Additional Functions for Statistical Distributions (PPF, SF)
Motivation
A Percent Point Function (or Quantile Function or Inverse CDF) for each covered distribution would be a valuable addition, since it's highly relevant for common statistical problems and tests. Furthermore, complementary to the CDF, a Survival Function (1-cdf(x)) would be useful for statistics and engineering. The latter could be implemented as a separate procedure or by letting CDF return 1-cdf(x), conditional on an optional argument passed to the CDF function.
Prior Art
This is an example of an f90 implementation of a normal percent point function.
Reference: Michael Wichura, Algorithm AS 241: The Percentage Points of the Normal Distribution, Applied Statistics, Volume 37, Number 3, 1988, pages 477-484.
Additional Information
No response
Hey, I am interested in contributing for these features beginning with the normal distribution. I have been going through the prior art and have a potential plan for this:
-
A separate procedure for survival function
-
Percent Point Function For this I was thinking of using an inverse error function. As error function was used to calculate the cdf. But I don't there is an inverse error function in fortran. I was also thinking about using binary search to find x such that cdf(x) - p = 0. But this would be too slow. So, implementing an AS 241 approach seems like the best choice.

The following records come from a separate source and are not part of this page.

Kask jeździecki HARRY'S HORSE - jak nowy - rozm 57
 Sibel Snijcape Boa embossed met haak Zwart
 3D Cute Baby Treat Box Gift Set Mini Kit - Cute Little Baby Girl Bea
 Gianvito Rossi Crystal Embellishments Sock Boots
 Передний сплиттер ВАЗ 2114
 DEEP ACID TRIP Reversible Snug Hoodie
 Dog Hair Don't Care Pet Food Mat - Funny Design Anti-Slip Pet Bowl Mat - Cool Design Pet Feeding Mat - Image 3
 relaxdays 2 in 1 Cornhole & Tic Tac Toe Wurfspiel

I am ready to start working on a PR that includes normal_sf and normal_ppf (using AS 241).
Please let me know if this plan looks good
Hey @BhoomishGupta ,
Thanks for the interest! Fortran does not have an inverse error function, but it's been discussed to add it to stdlib. That would make a few things easier. Yes, the binary search/bisection method are likely slower albeit simple, so the AS241 approach may be better. What do others think, looking at it?
I'm curious method were you thinking of using for the survival function to ensure tail stability? (I've not looked at this in detail, since 1-cdf has always been good enough for my applications).
Hey @sebastian-mutz,
I was thinking that instead of using survival function = 1 - cdf, which will lead to tail stability issues. I am going to write the full formula for survival function using erfc(erfc is calculated directly. So, it avoids subtraction from 1).
So the formula for survival function becomes : 0.5 * erfc(x / sqrt(2.0))
Hey @BhoomishGupta, that sounds good. Note that I'm not one of the major stdlib contributors, but I do work quite a bit with statistics, and I'd be happy to look over your PRs here.
@BhoomishGupta your proposition sounds good to me. I suggest that you open a PR with some code and specs. The community can then discuss the API and implementation.
Great, thank you @jvdp1 and @sebastian-mutz for the green light!
I'll get started on the PR with the proposed implementations for normal_sf (using the erfc method) and normal_ppf (using Algorithm AS 241)
I'll link the PR to this issue once it's ready for review and further discussion.